Crimson Clover Harvest is starting….and is over!

We didn’t have much crimson clover this year, 42 acres. So this two day harvesting job was going to be a breeze. And the way that you can tell you’re a farmer right now is if you read that and started to giggle, because there is little about harvest of any crop that ever turns out to be a “breeze”. This year our crimson crop was no different.

It started out great. Round 1 around the field was was dull at best. But then came round 2 and some surprise “slugs” that were left behind from the swather. When you cut (or swath) it’s usually at night when there is more moisture. Great to keep the seed on the stem of the crop before you harvest it, but if the cutter gets plugged it causes a huge dense wet area that will rarely dry out on its own.

Grabbing those last few piles at the end. Even after performing them out and three days later the combine was growling!
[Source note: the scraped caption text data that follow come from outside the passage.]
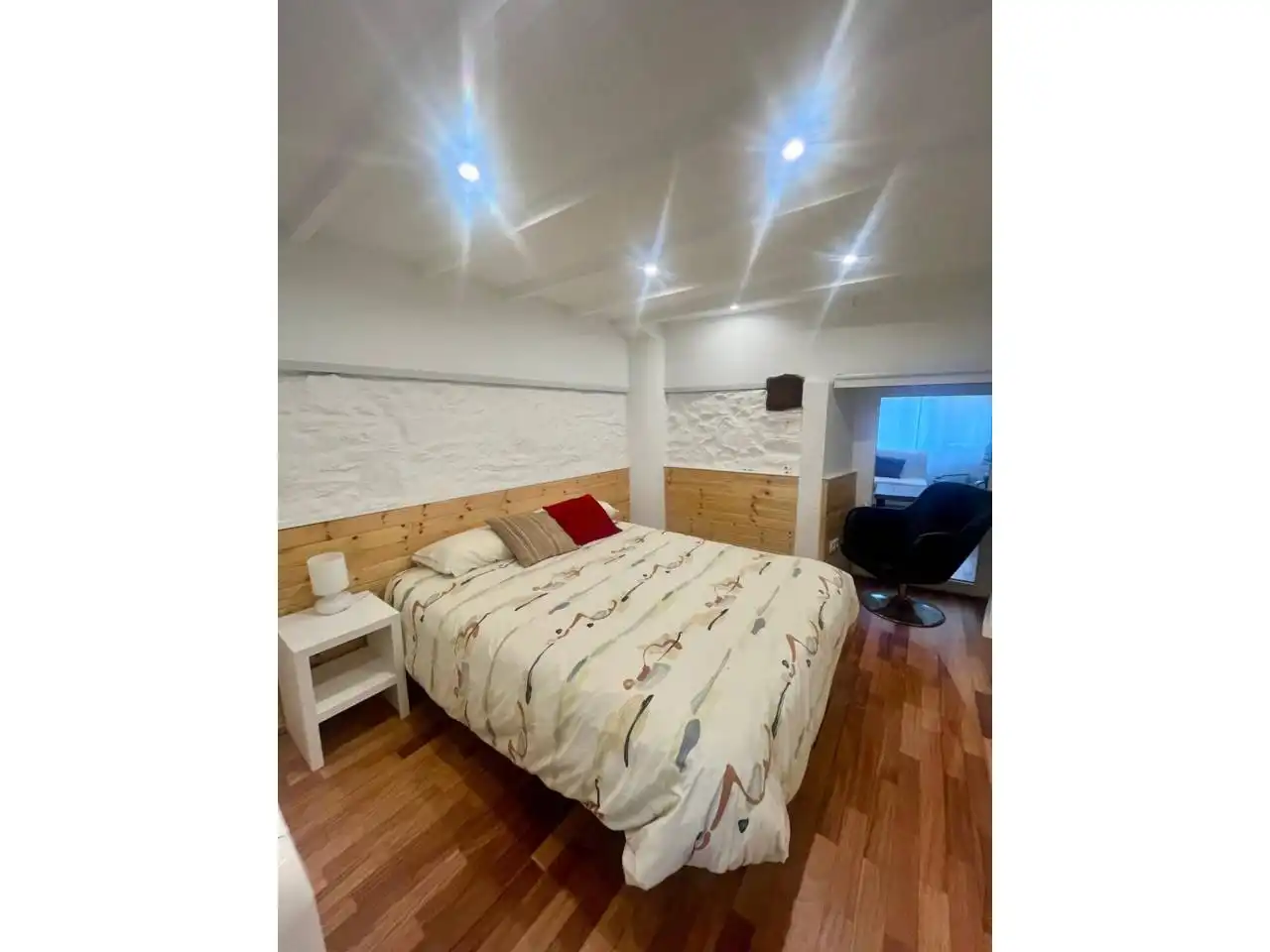 Schlafzimmer von Haus oder Chalet zur Miete in Miño mit Heizung, Privatgarten und Schwimmbad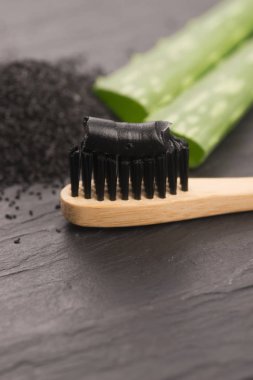 Aloe vera ile siyah kömür diş macunu ile diş fırçası
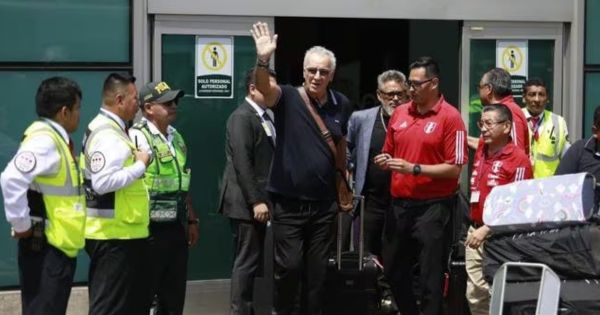 Portada: Jorge Fossati ya está en Lima y lanzó mensaje de optimismo: "Estoy con muchas ganas, mucha fe"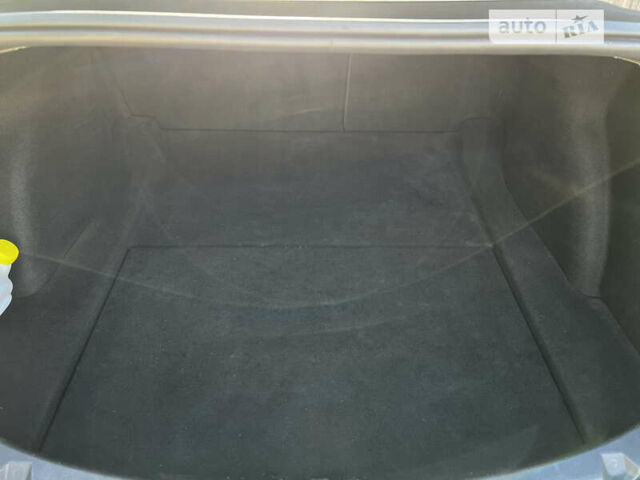 Серый Тесла Модель 3, объемом двигателя 0 л и пробегом 92 тыс. км за 18500 $, фото 9 на Automoto.ua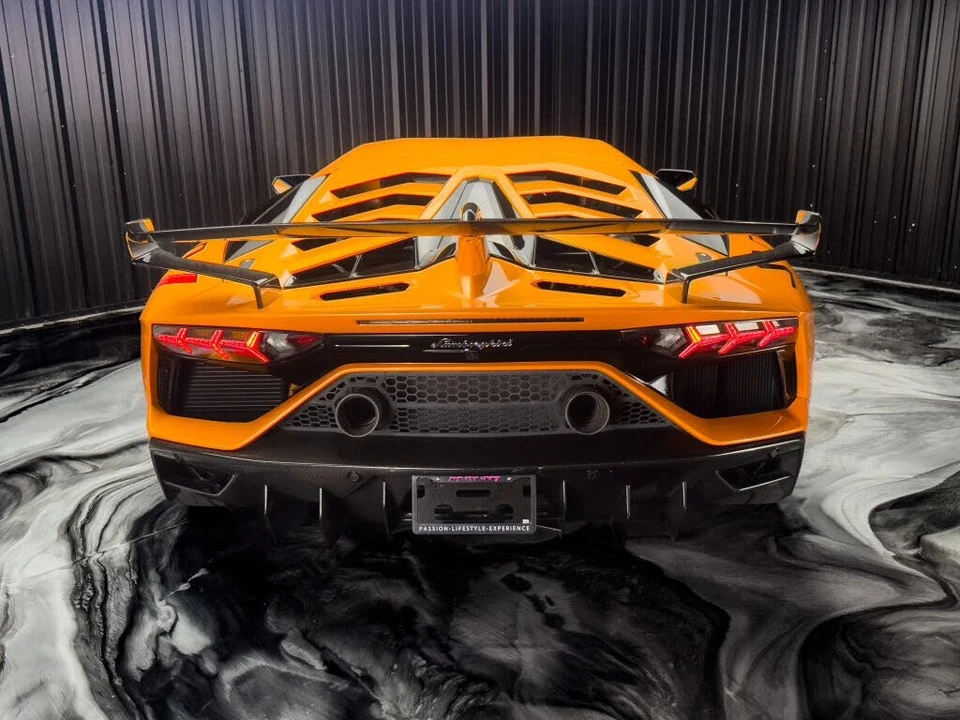 2020 Lamborghini Aventador SVJ LP770-4 - Image 17 of 28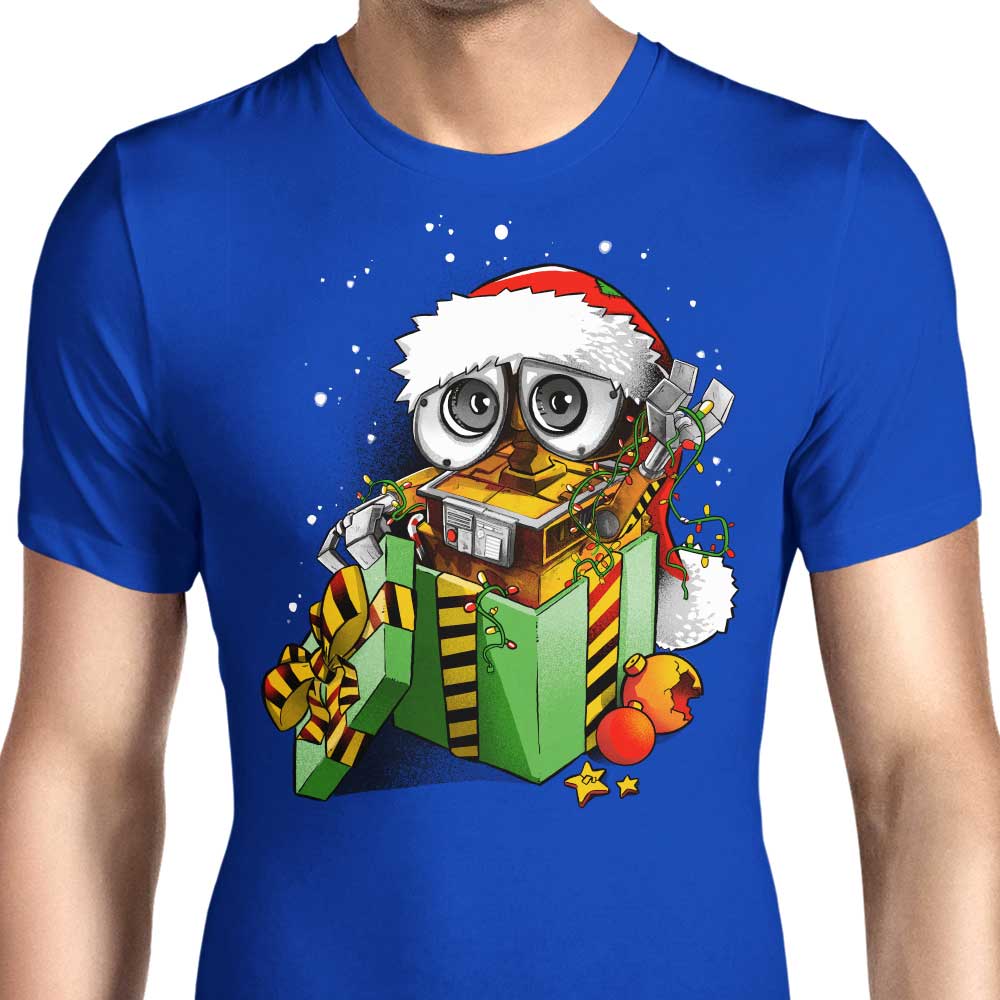 Christmas Robot - Men's Apparel T-Shirts, Hoodie, Sweatshirt | CiraTrend.com (Image 1)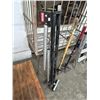 Image 2 : Ryobi Fold Out Tool Stand
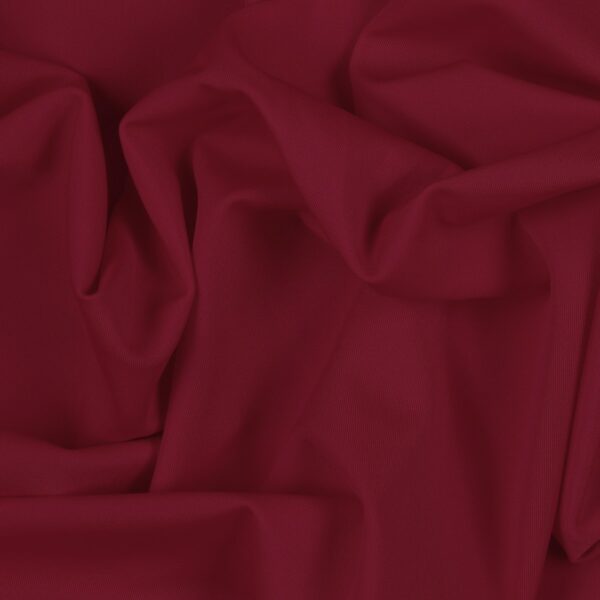 Tessuto Lycra Opaca. Si tratta di un materiale creato apposta per aderire alla figura corporea. Elastico e allungabile è dunque molto usato nel mondo dello sport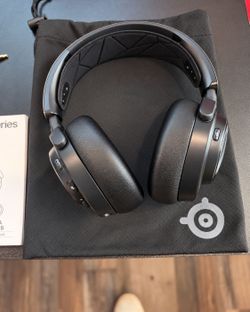 SteelSeries Arctis Nova Pro Wireless Gaming Headset + Base Station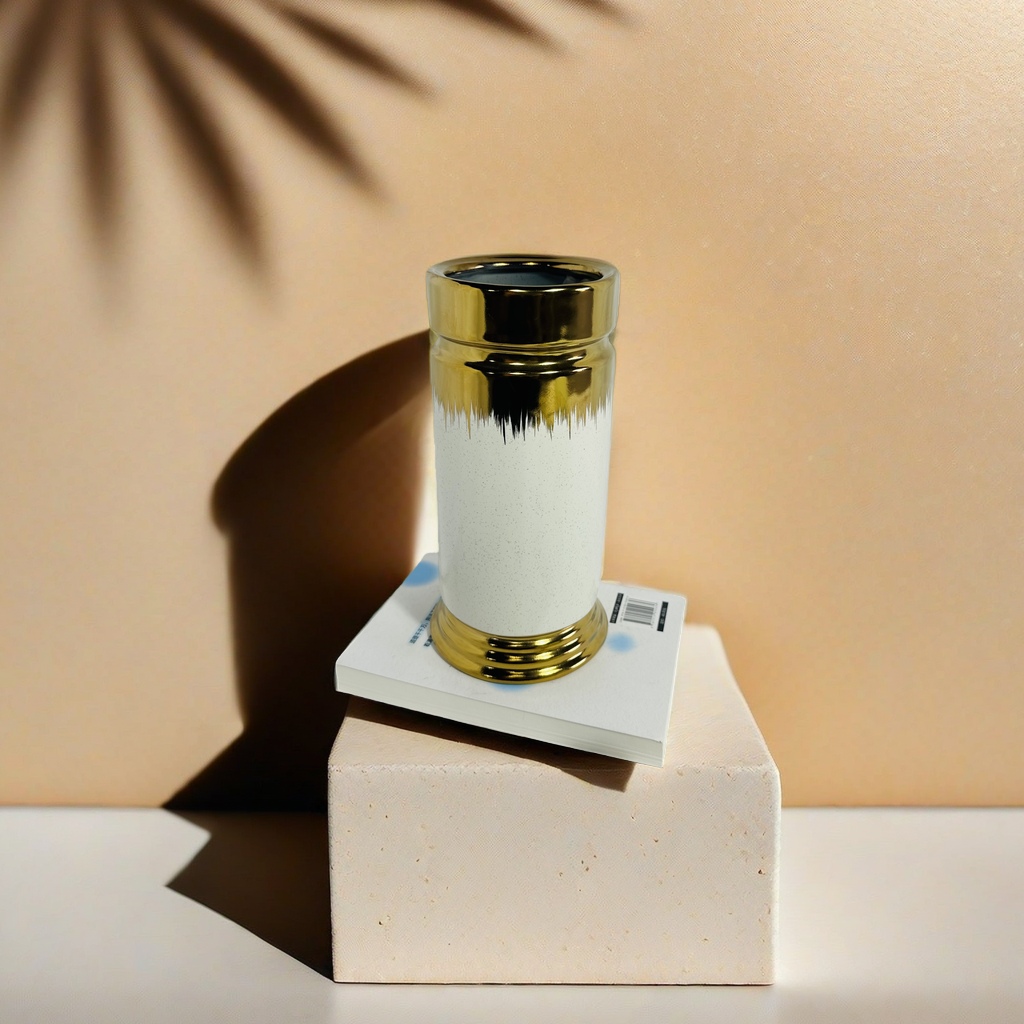 2026 New style ceramic vase, a simple Nordic-style home decoration item. It is a storage flower vase for the living room and bedroom Application Scenario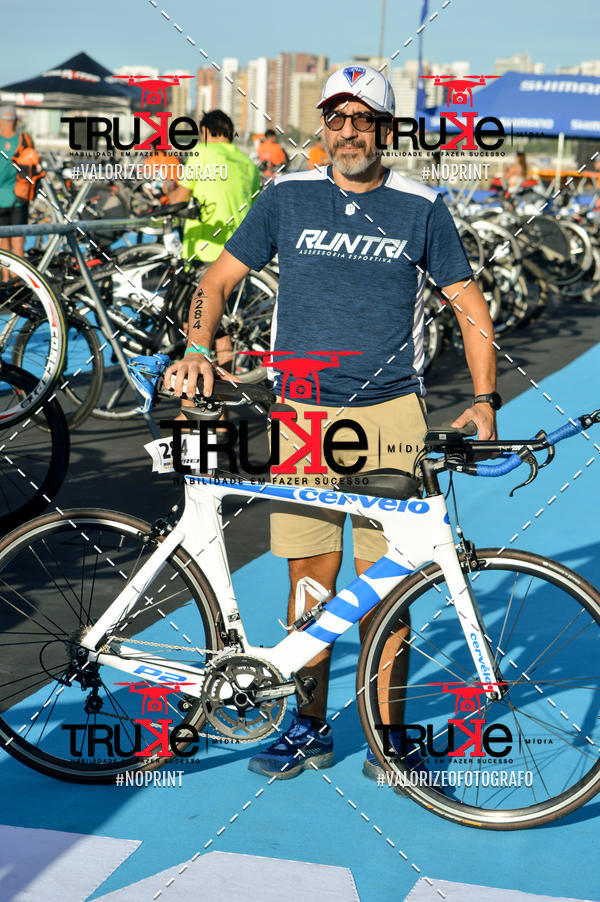 Buy your photos of the eventBike Check in IronMan 70.3  Fortaleza on Fotop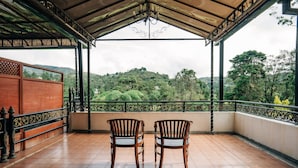 Kamar Deluks, pemandangan lapangan golf | Teras/patio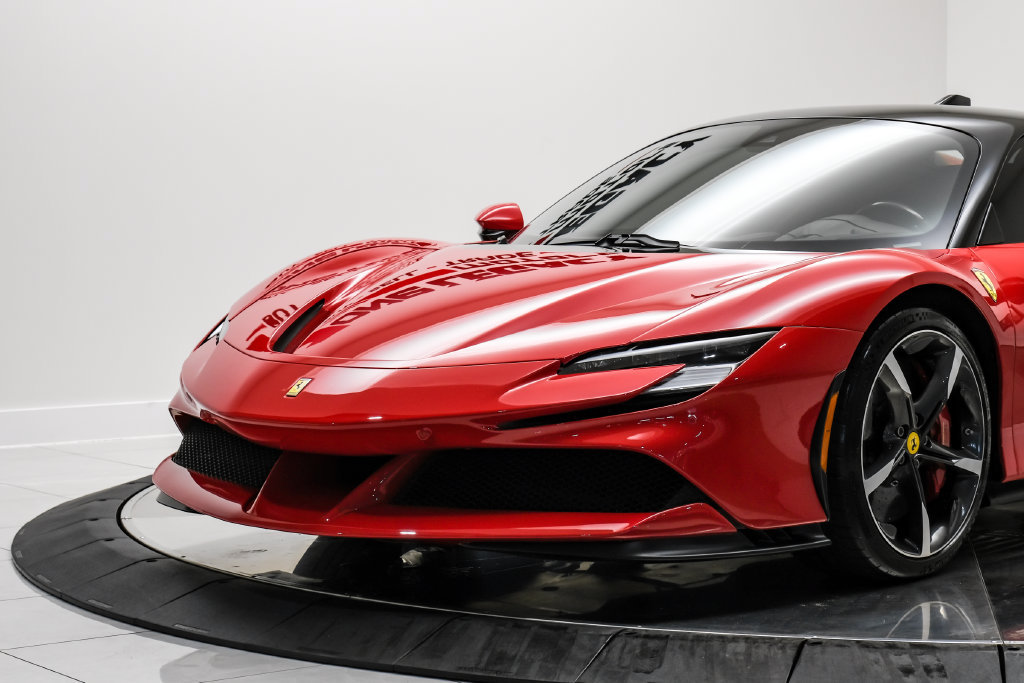 Used 2023 Ferrari SF90 Stradale AWD/4WD image 2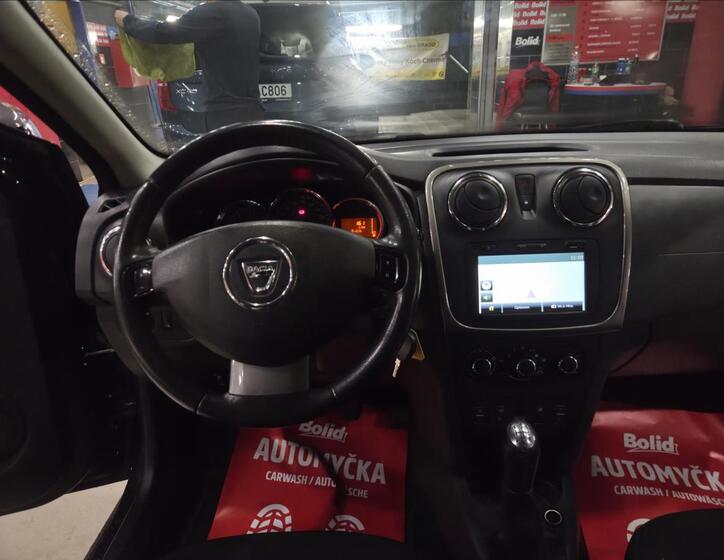 Dacia Sandero 14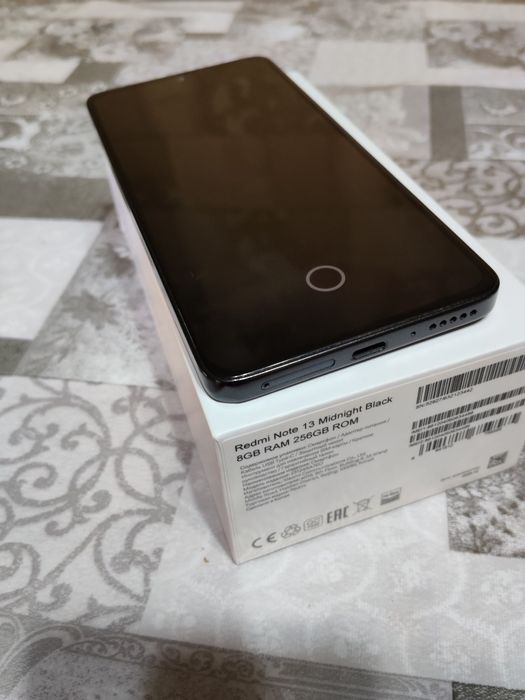Redmi Note 13 8/256 с коробкой и документам в хорошем состоянии и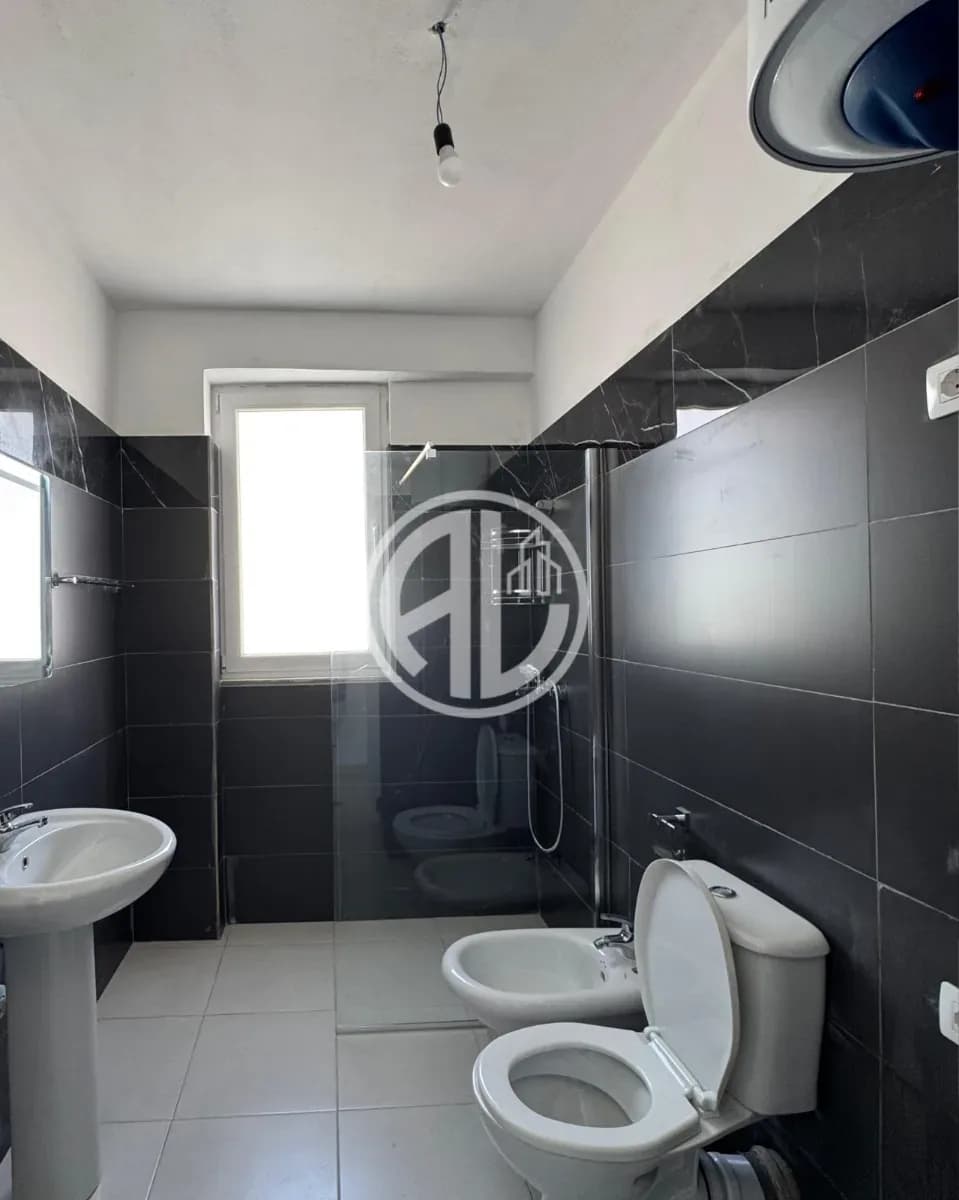 Apartament 3+1+2 për Qira – Durrës,Spitali 3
So as we started in round two of the field the growling and terrible noises coming from inside the harvester were hard to ignore. After a few plugs that caused us all want to itch our skin off (unplugging a clover harvester is dusty and dirty and super itchy), we decided to skip those areas and come back to pitchfork them out to help get the drying process started.

But then the wind started to blow the exact direction we were headed on one side. And for 1500 feet we could see nothing, nada, zilch. The best (worst) part was that it was also the side of the field that had all those surprise slugs. I’ve never paid so much attention to combining in my life! It was unnerving.

This should be a picture of a header feeding the crop into the combine. Instead we were completely blind!

So move to day two and all is looking good. Until I jumped out to check the sieves (cleaning area) at the back of the combine and smelled smoke! A bearing had gotten packed with dust and caused so much friction that it actually ignited. Crimson dust is especially flammable. Then when we had made the corner, the smoldering dust on the back of the harvester had shifted onto the ground and started the stumble on fire.

We caught it early. Had a water tank all ready to go, got the fire out and all was fine. Just a few new bearings later and we were back at it. So while it only added a day or so to our harvest, I think we are all a little glad to be saying goodbye to the extremely dusty, itchy and challenging year of harvesting crimson clover! Next up, grass seed harvest!!

Kicking off July 2022 with Irrigation!

After record breaking rain in the Pacific Northwest this spring, yesterday was the day, we finally turned on our first irrigation pump of the year.

We got everything set up to water our newly planted green beans, turned the linear on, and turned the pump on. Then I turned to Matt, “You know what’s really nice? Watering on our own terms! I mean God, you’ve been great and all, but time for us to make a few water decisions around here for a change!”

Just for a comparison, in a normal year, we are hitting start on our pumps around April 15th and they pretty much don’t turn off for months. As farmers we are always thankful for water that comes free, but we are also thankful for our ability to spoon feed, to time applications, and do what’s best for the crops we have planted.

Summer Workers

School is out for the summer, and while we have camps and a few fun outings planned, most of our summer is full of work on the farm.

This week was a juggle of childcare so I got to take the boys out for a few hours to work with me. We checked a few (very tall) tall fescue fields and headed out to a newly planted orchard to count trees. We planted a number of new baby hazelnut trees this past winter, and most are looking great, but there are a few dead ones that will need to be replanted.

So Hoot, Auggie and I headed out to do some tallying. A skill Auggie was very proud to have learned this year in kindergarten.

This spring and moving now into summer has been a struggle with the weather and rising costs. It’s a very uneasy time to be a farmer with all that has hit us this year that is out of our control. But it’s also just really amazing to get to be outside, teaching your kids all about what you love to do and seeing how much they love it also!

Someday these summer workers will be full time around here….probably (as I’m told often) before I know it!